4. Repenser les objectifs, les structures et les méthodes de l’évangélisation (Réorganisation)
Le Chapitre a pris acte que « le nouveau contexte de la société et de la mission nous défie à ‘être audacieux et créateurs’ et à repenser les objectifs, les structures, le style et les méthodes de l’évangélisation et de l’animation missionnaire (EG 33 et 27). Conscients de ne pas pouvoir répondre à toutes les attentes de notre temps, nous nous sentons guidés par le Saint Esprit qui nous précède et qui nous révèle des chemins de plénitude évangélique, même si dans notre faiblesse (2 Cor 12,10; Rm 5,20). » (AC 2015, n° 39). Dans ce numéro on cite deux fois EG (33 e 27).
a) Du “on a toujours fait ainsi” à l’audace et à la créativité
« La pastorale en terme missionnaire exige d’abandonner le confortable critère pastoral du “on a toujours fait ainsi”. J’invite chacun à être audacieux et créatif dans ce devoir de repenser les objectifs, les structures, le style et les méthodes évangélisatrices de leurs propres communautés.

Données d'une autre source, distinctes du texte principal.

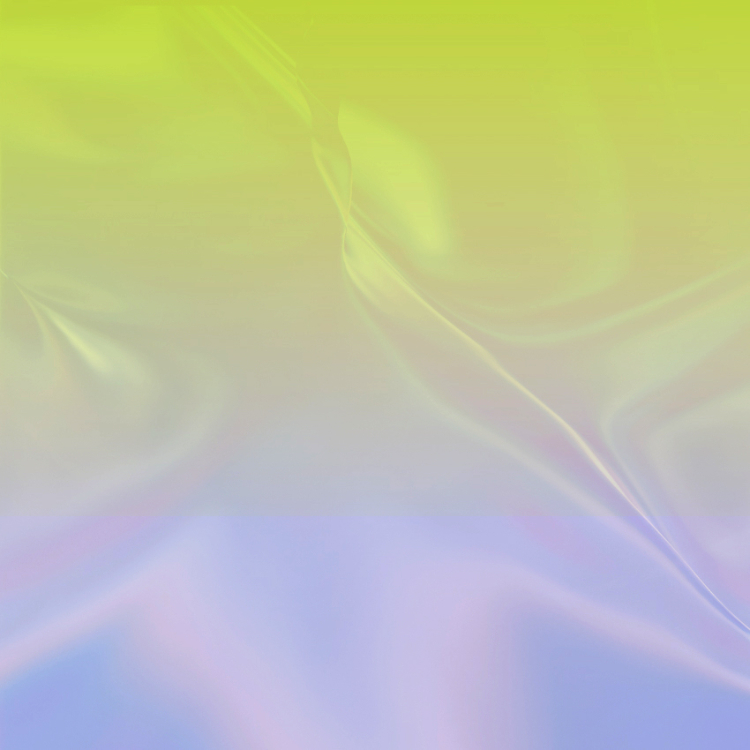 [SEL-FIT] <br>S/S 신상품 AI 피팅 서비스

Une identification des fins sans une adéquate recherche communautaire des moyens pour les atteindre est condamnée à se traduire en pure imagination. » (EG 33).

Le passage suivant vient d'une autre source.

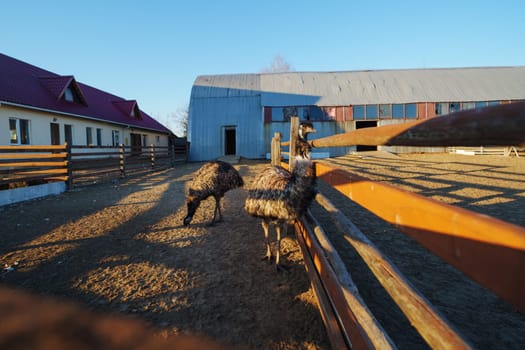 An emu gracefully walks along a wooden fence in a rural farm setting, bathed in the golden light of the morning sun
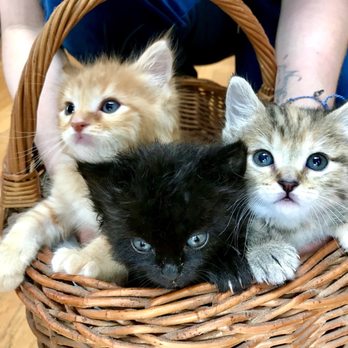 Cat Tales Rescue - Animal Shelters Near Me - Seabrook, New Hampshire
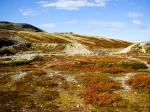 norge-hovringen-5.jpg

b) Un renouveau ecclésial qu’on ne peut différer
« J’imagine un choix missionnaire capable de transformer toute chose, afin que les habitudes, les styles, les horaires, le langage et toute structure ecclésiale devienne un canal adéquat pour l’évangélisation du monde actuel, plus que pour l’auto-préservation. La réforme des structures, qui exige la conversion pastorale, ne peut se comprendre qu’en ce sens : faire en sorte qu’elles deviennent toutes plus missionnaires, que la pastorale ordinaire en toutes ses instances soit plus expansive et ouverte, qu’elle mette les agents pastoraux en constante attitude de “sortie” et favorise ainsi la réponse positive de tous ceux auxquels Jésus offre son amitié. Comme le disait Jean-Paul II aux évêques de l’Océanie, « tout renouvellement dans l’Église doit avoir pour but la mission, afin de ne pas tomber dans le risque d’une Église centrée sur elle-même. » (EG 27).
Conclusion
Le Chapitre – écrivent les capitulants dans leur lettre finale – « a été certainement une célébration de fraternité, de passion partagée pour la mission... Nous a accompagné d’une manière toute particulière la souffrance des peuples avec lesquels nous faisons cause commune… il a été une expérience de joie et d’unité qui nous a étonné nous-mêmes : nous avons redécouvert la beauté de notre vocation missionnaire combonienne». Et ils terminent: «Quand vous recevrez les Documents du Chapitre et vous les aurez entre vos mains, vous pouvez être sûrs qu’ils sont vraiment vôtres : nous avons été seulement les instruments de Dieu... Maintenant tous ensemble, nous pouvons les incarner, en des attitudes missionnaires pleines de la joie de l’Evangile que notre monde d’aujourd’hui nous demande avec insistance ».